Why did you choose your field of study?
I chose mathematics education because I love the discipline of mathematics and am passionate — and perhaps opinionated –about how it should be taught. My experiences as a student and an educator motivated me to contribute to the effective teaching of mathematics and the preparation of future mathematics educators. Mathematics defines the world in which we live. Yet, many people have feelings of low self-efficacy about their mathematics ability. In fact, many believe that mathematics ability is static…either one is born with the gifted mind to understand mathematics or not. Perhaps, these feelings can be linked to prior bad experiences in mathematics classrooms. I believe that students’ mathematics ability is not static. Rather, with the proper support and quality instruction, everyone can understand, learn, and do mathematics.
What do you hope to accomplish in your field after graduation?
The research trajectory that I envision for my career includes a continuation of the investigation of the relationship between classroom-based physical activity and students’ mathematics performance and cognitive skills and attitudes. I plan to use existing data from my dissertation research to complete a secondary analysis of the associations between physical activity, enjoyment, and mathematics performance. In addition, I hope to investigate which types of content-related physical activity are more effective on students’ development of algebraic conceptual systems in mathematics at the elementary and middle grades for both conventional and exceptional learners. Ultimately, I hope to find empirical evidence to support (a) reform to the allocation of instructional time in mathematics classes for grades K-12 and (b) addendums to teacher education programs in the state of North Carolina to include the consideration and use of physical activity to support mathematics teaching and learning for grades K-12.
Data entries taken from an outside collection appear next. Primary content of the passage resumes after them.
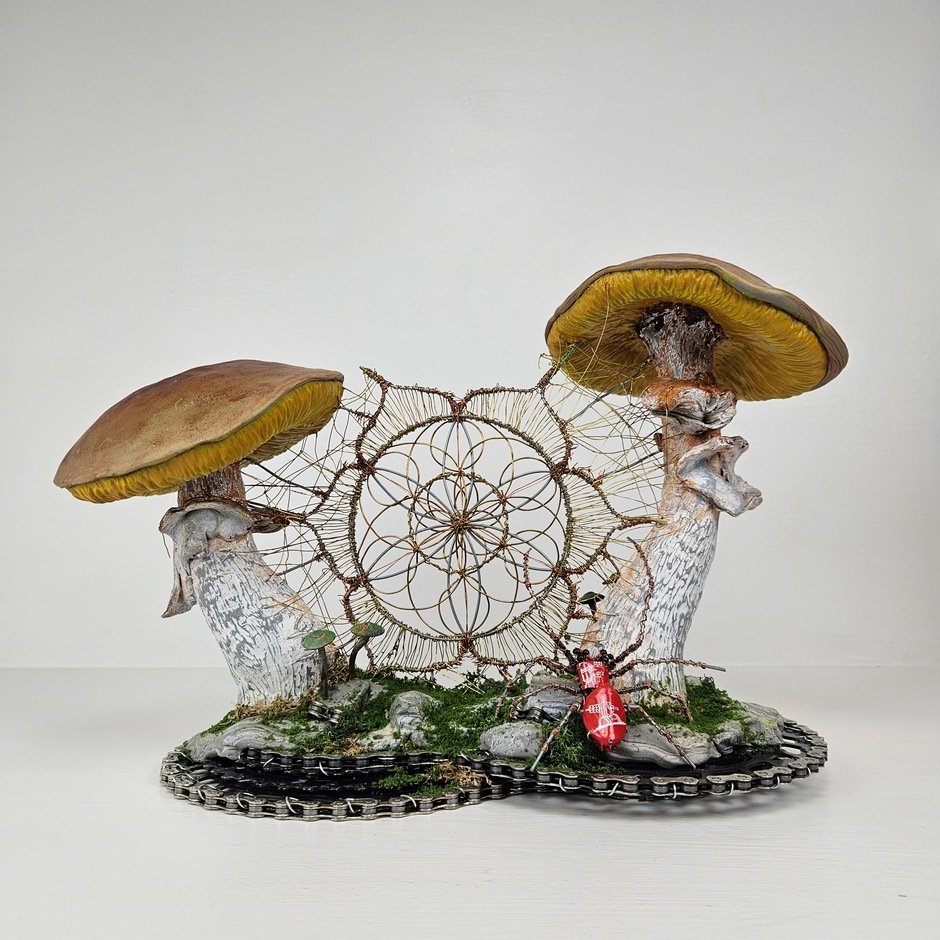 Spider and mushroom sculpture by Kristian Saapunki aka RawSculptor
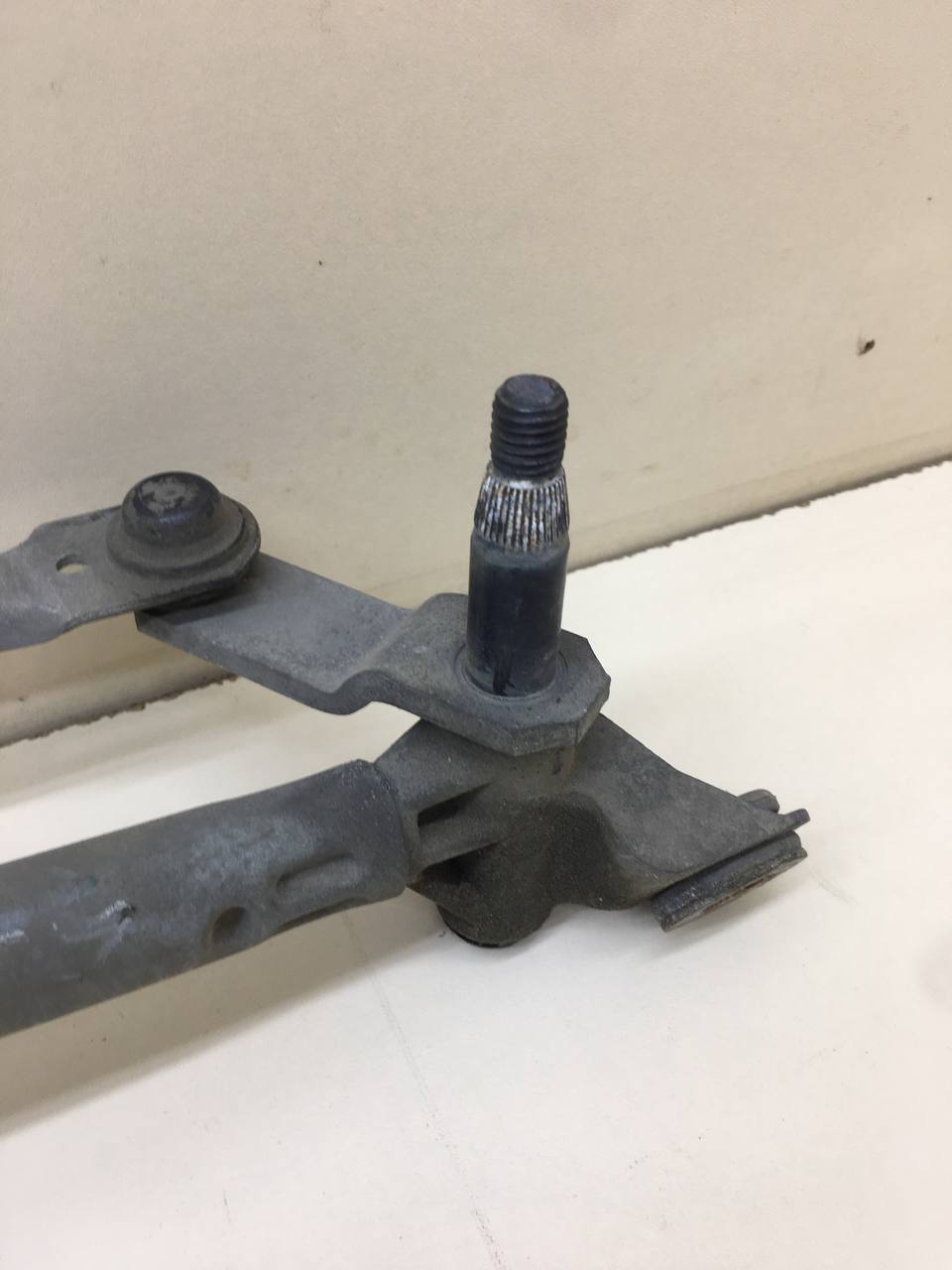 Трапеция стеклоочистителей Peugeot 308 2007>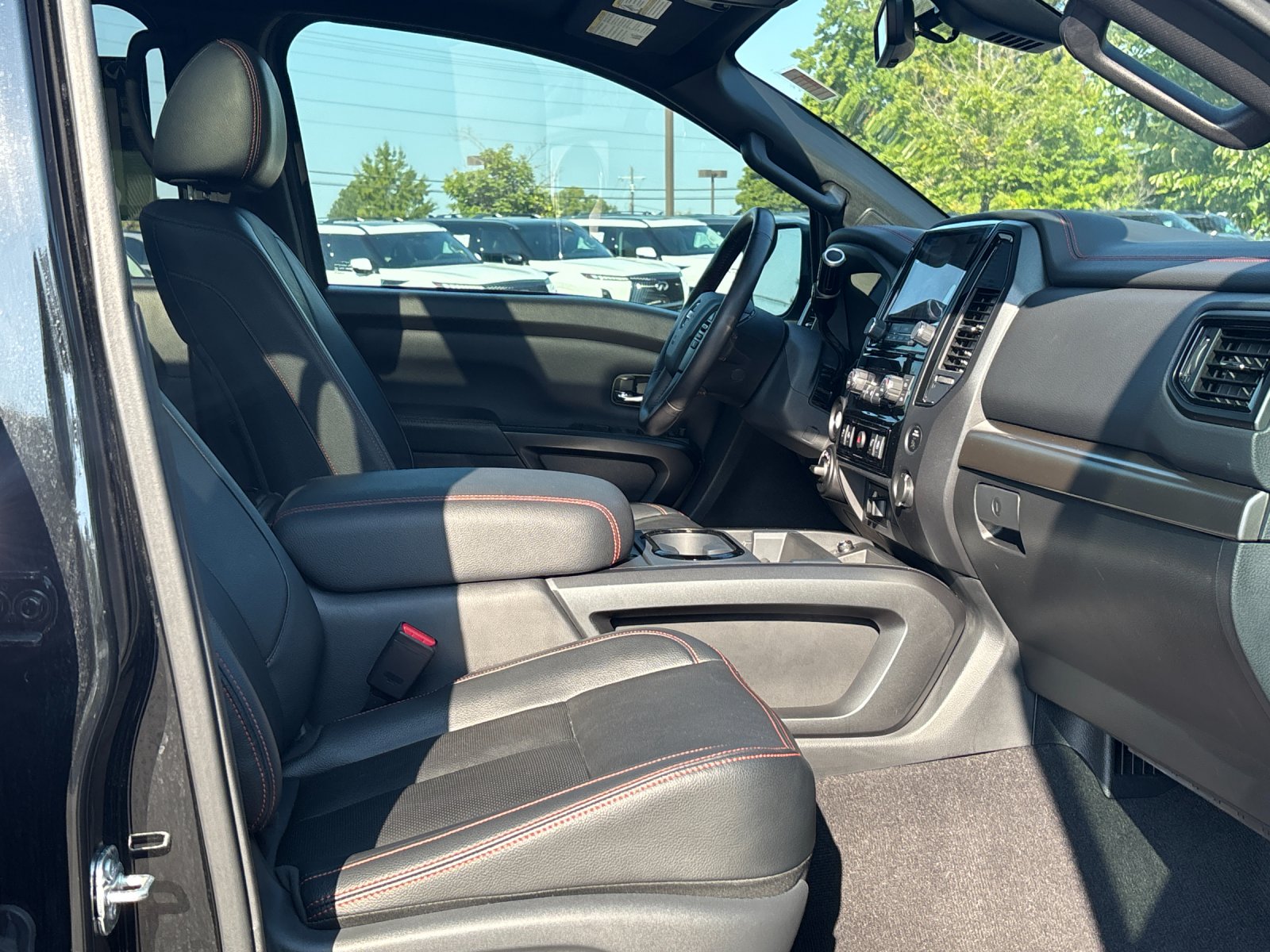 Used 2024 Super Black Nissan PRO-4X image 39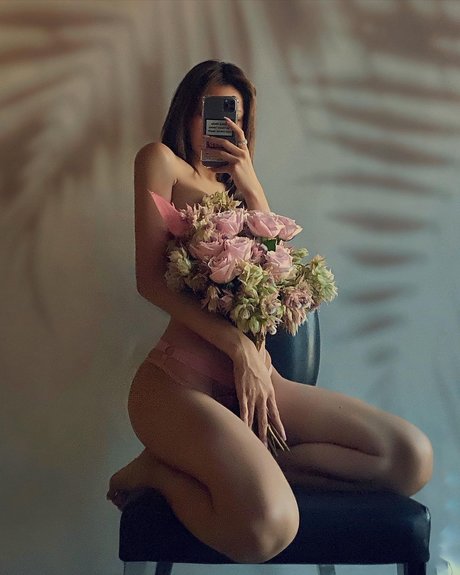 Xialan_ adult star pictures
Tell us about a faculty member who has influenced you.
Many years ago as a high school teacher, I dreamed of attending North Carolina State University to learn from the author of the textbook that the state had adopted for Algebra 1. My dreams were realized. The author, Dr. Lee Stiff, has served as my advisor, mentor, and professor.
Under his tutelage, I learned about the complexities of elementary mathematics concepts and best practices for their instruction. As we worked together on the grant project, I witnessed his greatness on a consistent, unwavering basis. I watched Dr. Stiff deliver content — and pedagogy — related professional development to teachers that was relatable, insightful, and engaging. He modeled tenets of effective mathematics instruction. With diplomacy, Dr. Stiff challenged the teachers to confront issues of social justice and equity. My practice has been enhanced, my knowledge has increased, and my life has been touched by Dr. Stiff. I stand in awe of and am forever indebted to him.
What advice do you have for others considering education?
Education is one of the most rewarding careers! Of course, it is not without its challenges. Therefore, I would urge those who are considering education to remain mindful of the gravity of the field. In my opinion, education is both a craft and a calling. Educators have the potential to shape the course of another’s life. Educators have the potential to give a student the tools that he/she needs to realize his/her dreams. The educators that help to unlock others’ potential are the educators who never rest on laurels, who are life-long learners, who remain passionate about education, and who remain altruistic. I advise prospective educators to ponder the former statement. As I reflect on my experiences as the premature baby, as a stigmatized child, as the daughter of a divorcee…, and the list continues, I am keenly aware of the influence of educators and of education on my life. The support of my family and teachers lifted me and continues to lift me. Education has been my balm, my saving grace, my divine purpose, and my legacy.